*** Data for analysis Section Begins ***

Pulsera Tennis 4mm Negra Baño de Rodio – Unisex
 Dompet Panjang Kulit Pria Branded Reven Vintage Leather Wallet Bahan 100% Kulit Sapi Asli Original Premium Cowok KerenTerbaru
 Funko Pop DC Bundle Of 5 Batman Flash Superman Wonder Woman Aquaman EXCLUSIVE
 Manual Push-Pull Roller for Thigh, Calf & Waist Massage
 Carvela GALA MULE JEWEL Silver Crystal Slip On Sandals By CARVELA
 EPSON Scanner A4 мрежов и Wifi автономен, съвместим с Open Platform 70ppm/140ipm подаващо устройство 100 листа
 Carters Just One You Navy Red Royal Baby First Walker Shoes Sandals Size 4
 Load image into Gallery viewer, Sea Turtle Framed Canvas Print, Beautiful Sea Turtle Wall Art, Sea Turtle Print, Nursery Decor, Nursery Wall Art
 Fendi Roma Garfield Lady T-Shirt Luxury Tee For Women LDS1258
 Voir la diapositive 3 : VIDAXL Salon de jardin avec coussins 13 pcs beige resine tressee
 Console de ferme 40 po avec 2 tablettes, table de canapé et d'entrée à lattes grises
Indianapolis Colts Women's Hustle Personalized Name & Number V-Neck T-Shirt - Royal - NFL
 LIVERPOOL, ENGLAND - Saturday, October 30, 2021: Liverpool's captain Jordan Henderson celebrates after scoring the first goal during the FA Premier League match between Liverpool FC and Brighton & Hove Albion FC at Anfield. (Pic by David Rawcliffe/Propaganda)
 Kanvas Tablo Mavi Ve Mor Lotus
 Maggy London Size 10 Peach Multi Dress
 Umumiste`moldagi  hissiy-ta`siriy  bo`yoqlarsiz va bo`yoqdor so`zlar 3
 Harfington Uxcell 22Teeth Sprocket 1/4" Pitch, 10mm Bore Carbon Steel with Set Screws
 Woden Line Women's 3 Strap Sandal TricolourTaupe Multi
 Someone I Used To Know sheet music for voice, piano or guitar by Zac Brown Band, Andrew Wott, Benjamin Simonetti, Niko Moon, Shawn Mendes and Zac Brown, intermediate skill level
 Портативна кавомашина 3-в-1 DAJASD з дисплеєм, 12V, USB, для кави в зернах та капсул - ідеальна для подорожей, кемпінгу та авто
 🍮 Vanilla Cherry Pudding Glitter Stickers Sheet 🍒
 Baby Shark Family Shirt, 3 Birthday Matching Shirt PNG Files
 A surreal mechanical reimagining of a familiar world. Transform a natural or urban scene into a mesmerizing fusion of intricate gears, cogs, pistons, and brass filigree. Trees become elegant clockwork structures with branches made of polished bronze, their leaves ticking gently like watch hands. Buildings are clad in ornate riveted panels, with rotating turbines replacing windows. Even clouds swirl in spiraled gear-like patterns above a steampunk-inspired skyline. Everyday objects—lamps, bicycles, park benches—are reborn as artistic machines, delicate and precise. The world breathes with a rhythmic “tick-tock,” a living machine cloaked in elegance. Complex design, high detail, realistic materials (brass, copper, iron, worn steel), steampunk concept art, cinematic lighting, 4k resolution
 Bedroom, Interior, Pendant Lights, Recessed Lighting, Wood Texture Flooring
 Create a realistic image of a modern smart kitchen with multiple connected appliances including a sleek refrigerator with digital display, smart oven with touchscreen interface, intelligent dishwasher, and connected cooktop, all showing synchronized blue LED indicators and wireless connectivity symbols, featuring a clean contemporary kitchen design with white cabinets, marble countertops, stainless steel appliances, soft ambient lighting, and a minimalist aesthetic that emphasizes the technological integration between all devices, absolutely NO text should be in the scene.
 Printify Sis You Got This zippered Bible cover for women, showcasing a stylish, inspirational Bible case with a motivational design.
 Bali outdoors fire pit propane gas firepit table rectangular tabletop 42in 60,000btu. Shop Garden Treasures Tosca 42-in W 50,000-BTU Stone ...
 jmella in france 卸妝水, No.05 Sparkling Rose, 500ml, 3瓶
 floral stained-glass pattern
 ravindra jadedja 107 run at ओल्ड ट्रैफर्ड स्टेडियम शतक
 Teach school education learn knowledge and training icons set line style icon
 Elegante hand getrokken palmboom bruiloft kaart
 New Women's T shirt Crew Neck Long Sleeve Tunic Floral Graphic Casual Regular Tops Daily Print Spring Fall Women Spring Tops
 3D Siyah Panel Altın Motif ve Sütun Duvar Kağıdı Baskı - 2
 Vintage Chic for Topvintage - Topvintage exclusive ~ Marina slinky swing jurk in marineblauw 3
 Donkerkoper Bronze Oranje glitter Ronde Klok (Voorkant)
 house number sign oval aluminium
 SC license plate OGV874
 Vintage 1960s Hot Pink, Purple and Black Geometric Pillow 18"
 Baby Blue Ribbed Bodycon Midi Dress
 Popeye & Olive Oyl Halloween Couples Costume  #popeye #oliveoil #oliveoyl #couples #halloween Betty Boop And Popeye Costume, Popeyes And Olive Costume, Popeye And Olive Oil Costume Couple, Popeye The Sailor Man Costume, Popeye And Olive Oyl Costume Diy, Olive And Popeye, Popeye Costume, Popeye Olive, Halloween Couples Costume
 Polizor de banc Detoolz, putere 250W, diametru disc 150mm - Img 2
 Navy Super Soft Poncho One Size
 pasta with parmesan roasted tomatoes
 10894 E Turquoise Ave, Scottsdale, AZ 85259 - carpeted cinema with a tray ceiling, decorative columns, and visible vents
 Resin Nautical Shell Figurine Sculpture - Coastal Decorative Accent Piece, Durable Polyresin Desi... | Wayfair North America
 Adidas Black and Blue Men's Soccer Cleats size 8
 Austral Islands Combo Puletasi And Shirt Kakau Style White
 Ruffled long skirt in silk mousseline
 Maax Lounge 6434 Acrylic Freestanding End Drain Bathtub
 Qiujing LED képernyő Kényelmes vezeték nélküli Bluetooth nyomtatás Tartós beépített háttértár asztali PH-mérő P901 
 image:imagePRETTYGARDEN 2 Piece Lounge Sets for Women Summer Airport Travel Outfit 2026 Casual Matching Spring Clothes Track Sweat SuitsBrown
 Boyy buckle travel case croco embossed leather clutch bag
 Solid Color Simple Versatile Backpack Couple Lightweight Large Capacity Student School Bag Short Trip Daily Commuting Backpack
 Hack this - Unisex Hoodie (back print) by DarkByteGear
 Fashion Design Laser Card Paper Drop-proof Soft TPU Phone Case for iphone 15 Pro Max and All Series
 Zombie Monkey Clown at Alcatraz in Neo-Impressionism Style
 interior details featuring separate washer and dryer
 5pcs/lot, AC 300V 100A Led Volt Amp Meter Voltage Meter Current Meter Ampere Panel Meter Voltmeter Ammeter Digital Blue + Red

*** Data for analysis Section Ends ***

> [Prompt] Above are the entries. Copy exactly the part that opens with the line containing "jmella in france" and closes with the line containing "3D Siyah Panel", and no more.

> [Exercise answer]
 jmella in france 卸妝水, No.05 Sparkling Rose, 500ml, 3瓶
 floral stained-glass pattern
 ravindra jadedja 107 run at ओल्ड ट्रैफर्ड स्टेडियम शतक
 Teach school education learn knowledge and training icons set line style icon
 Elegante hand getrokken palmboom bruiloft kaart
 New Women's T shirt Crew Neck Long Sleeve Tunic Floral Graphic Casual Regular Tops Daily Print Spring Fall Women Spring Tops
 3D Siyah Panel Altın Motif ve Sütun Duvar Kağıdı Baskı - 2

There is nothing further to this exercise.